A force is a vector quantity defined in terms of the mass of the object on which it acts and the acceleration it produces along the line of the force. A bike or any object which is not being acted upon by external resultant forces will move in a straight line and with a constant velocity. If you want to make a bike turn, you must apply a resultant force in the direction you want it to turn, that is towards the centre of the turning circle. That force is centripetal force and on a turning bike it is supplied as friction at the contact patch. If that centripetal force were balanced by an equal and opposite 'centrifugal force' the two forces would cancel each other out, there would be no resultant force and the bike would not turn. Instead it would continue in a straight line.

'Centrifugal force' is a leftover concept from pre-newtonian physics. If, for example, you swing a bucket round your head on a rope, the bucket appears to tug outwards. However, the bucket is not pulling 'outwards' it is trying to move along a straight line that lies at a tangent to the circle in which it is being forced to turn. No resultant force is required to make it do this. This fact is gven by one of the basic laws of Newtonian physics ("if a body is at rest it will remain at rest and if it is in motion it will continue to move in a straight line and with a constant velocity unless acted upon by external resultant forces"). If you suddenly let go of the bucket, it will revert to its straight line motion along a tangent to the turning circle. What it will not do is accelerate away from the centre of turn (as would be expected if it were being acted on by some centrifugal force).

On your first point, note that Newton said every action has an immediate and opposite reaction. He did not say that every force has an equal and opposite 're-force'. The action of the centripetal force acting between the bike and the ground at the contact patch is to move the bike towards the centre of its turning circle across the surface of the earth: the reaction is to move the earth away from the bike (minutely of course, because of the much greater mass of the earth)

ronboskz650sr wrote: I wonder what it is that makes a centrifuge so effective at separating solids out of liquids? Or for simulating flight g-forces, by placing g forces on a human being. I wonder how they induced vertigo in us at flight school to demonstrate the effects of head movement in a turn, by just using a centrifuge with a cockpit in it? I always thought the centrifugal force seemed pretty real, as my helmeted head slammed over to the wall during the vertigo demo. Just magic, I guess

No not magic, but Newtonian physics. Just as with a bike, the 'natural' motion of a particle in a centrifuge is in a straight line, tangential to the circle in which it is being turned by centripetal forces. I am less familiar with the complex forces involved in fluid dynamics, but the principle is exactly the same. A simpler example is a fairground rotor. You stick to the wall of a rotor not because some strange centrifugal force is accelerating you outwards away from the centre of the turning circle, but because a centripetal force (the Normal force at the wall) is at each moment pulling you out of your natural tendency to move in a straight line tangential to your turning circle.

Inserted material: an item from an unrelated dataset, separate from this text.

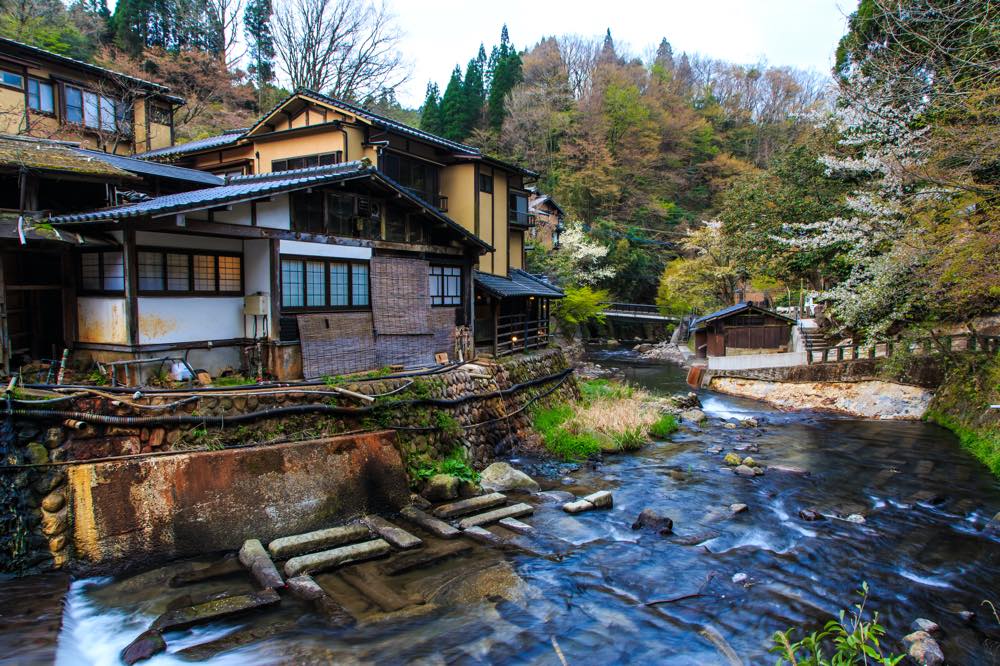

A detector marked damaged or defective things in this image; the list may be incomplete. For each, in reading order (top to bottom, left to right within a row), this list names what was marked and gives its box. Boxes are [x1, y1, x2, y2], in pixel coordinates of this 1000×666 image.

rust stain on wall [139, 312, 178, 340]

Centripetal force, because it is a real force tends to produce an acceleration in the direction it acts. So any rotating body has an acceleration towards the centre of its circle. You need calculus to demonstrate this mathematically, but it is a fundamental principle of mechanics.

SV-wolf wrote:Centripetal force, because it is a real force tends to produce an acceleration in the direction it acts. So any rotating body has an acceleration towards the centre of its circle. You need calculus to demonstrate this mathematically, but it is a fundamental principle of mechanics.

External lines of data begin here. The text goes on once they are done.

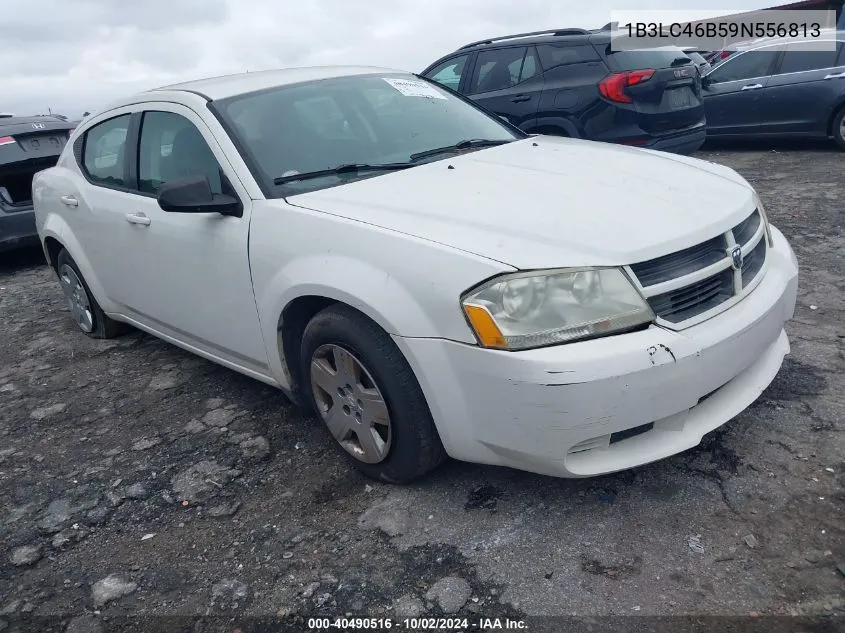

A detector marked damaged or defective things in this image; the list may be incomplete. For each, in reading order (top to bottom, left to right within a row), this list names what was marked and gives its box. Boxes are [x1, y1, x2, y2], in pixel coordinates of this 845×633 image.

damaged bumper [396, 225, 796, 476]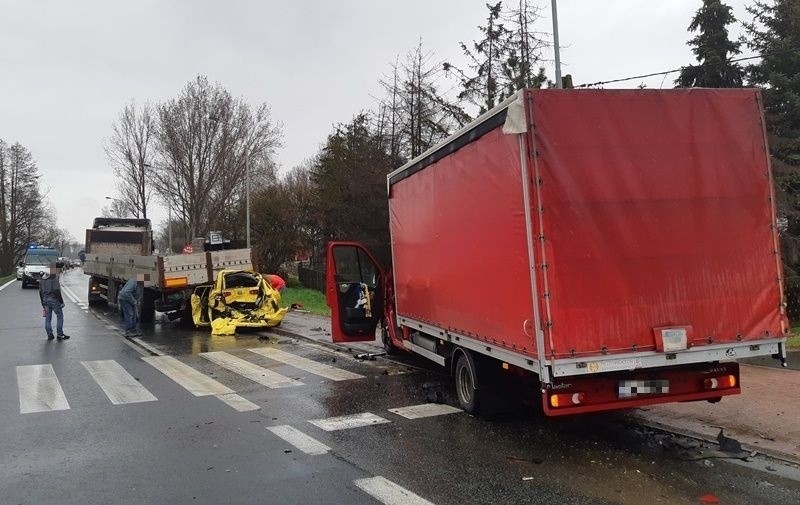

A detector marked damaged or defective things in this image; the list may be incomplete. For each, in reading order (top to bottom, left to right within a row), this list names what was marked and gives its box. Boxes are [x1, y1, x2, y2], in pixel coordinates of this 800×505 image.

crushed yellow car [191, 268, 288, 334]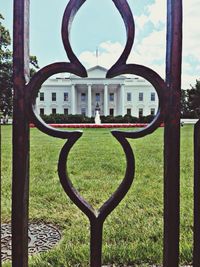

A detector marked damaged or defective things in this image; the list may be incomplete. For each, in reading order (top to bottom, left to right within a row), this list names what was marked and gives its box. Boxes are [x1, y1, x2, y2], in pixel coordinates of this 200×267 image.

rusted metal surface [12, 0, 29, 267]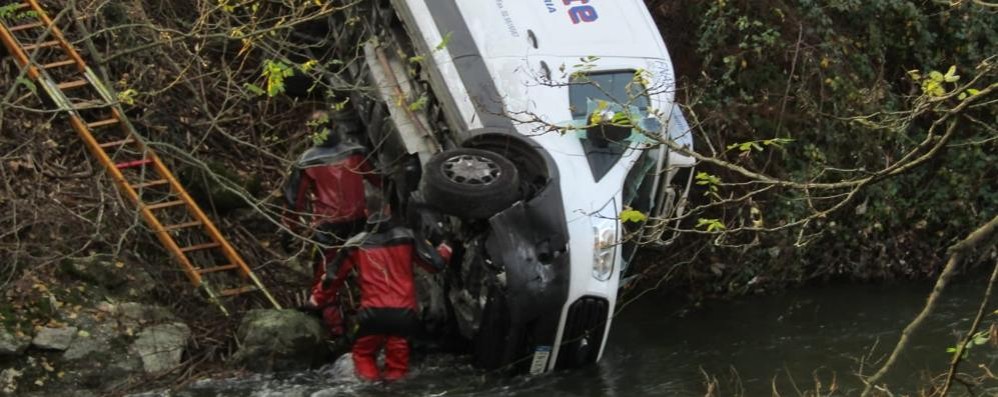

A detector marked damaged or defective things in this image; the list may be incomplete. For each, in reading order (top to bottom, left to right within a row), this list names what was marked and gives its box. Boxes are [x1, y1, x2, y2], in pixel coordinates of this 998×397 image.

overturned white van [338, 0, 696, 372]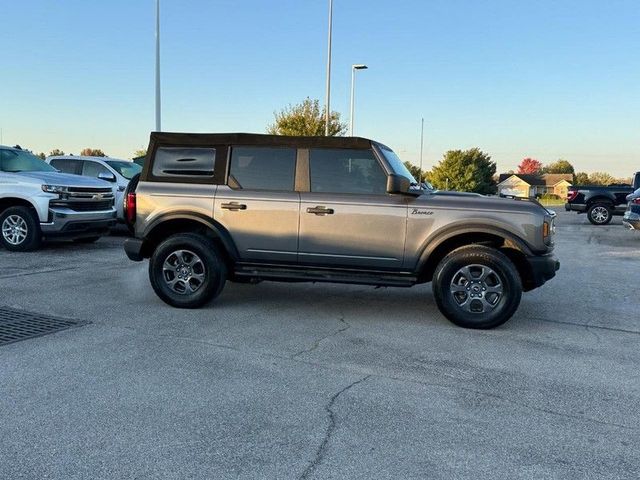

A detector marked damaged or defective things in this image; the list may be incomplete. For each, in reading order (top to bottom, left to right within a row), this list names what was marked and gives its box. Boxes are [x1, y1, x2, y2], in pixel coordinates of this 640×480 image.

cracked asphalt [0, 211, 636, 480]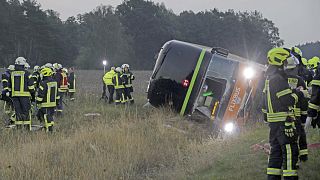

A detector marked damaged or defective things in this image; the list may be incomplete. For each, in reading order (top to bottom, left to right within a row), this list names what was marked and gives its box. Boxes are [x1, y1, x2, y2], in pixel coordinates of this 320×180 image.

overturned bus [147, 40, 264, 133]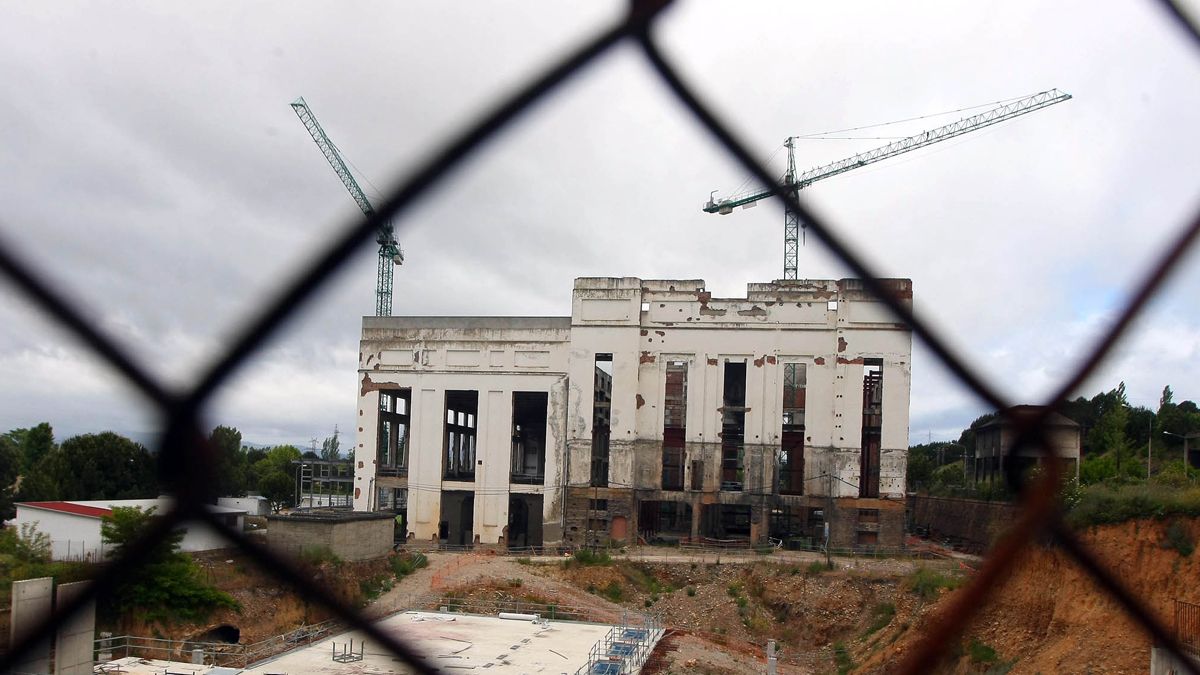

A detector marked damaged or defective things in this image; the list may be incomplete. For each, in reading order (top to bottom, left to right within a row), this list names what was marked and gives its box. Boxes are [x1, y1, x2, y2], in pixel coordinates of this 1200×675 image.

damaged white facade [350, 277, 912, 547]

Not to argue to much, but if I'm accelerating towards the inside of my turn in a car why do I get pushed against the outside door?

This is the result of the door technically pushing inwards against me. While I being technically heavier then the part of the door I am pushing against should be moved to the outside through displacement . Because both the door and I do not actually move towards or away from the center, there must be a force acting in opposition to the door trying to move through me into the center of the circle. What is this called?

Just like me pushing against a wall, if the wall does not move I have done 0 "work." But I have exerted force against the wall, and the wall has pushed back with equal force hence no work has been done.

Sevulturus wrote:

SV-wolf wrote:Centripetal force, because it is a real force tends to produce an acceleration in the direction it acts. So any rotating body has an acceleration towards the centre of its circle. You need calculus to demonstrate this mathematically, but it is a fundamental principle of mechanics.

Not to argue to much, but if I'm accelerating towards the inside of my turn in a car why do I get pushed against the outside door?

This is the result of the door technically pushing inwards against me. While I being technically heavier then the part of the door I am pushing against should be moved to the outside through displacement . Because both the door and I do not actually move towards or away from the center, there must be a force acting in opposition to the door trying to move through me into the center of the circle. What is this called?

Just like me pushing against a wall, if the wall does not move I have done 0 "work." But I have exerted force against the wall, and the wall has pushed back with equal force hence no work has been done.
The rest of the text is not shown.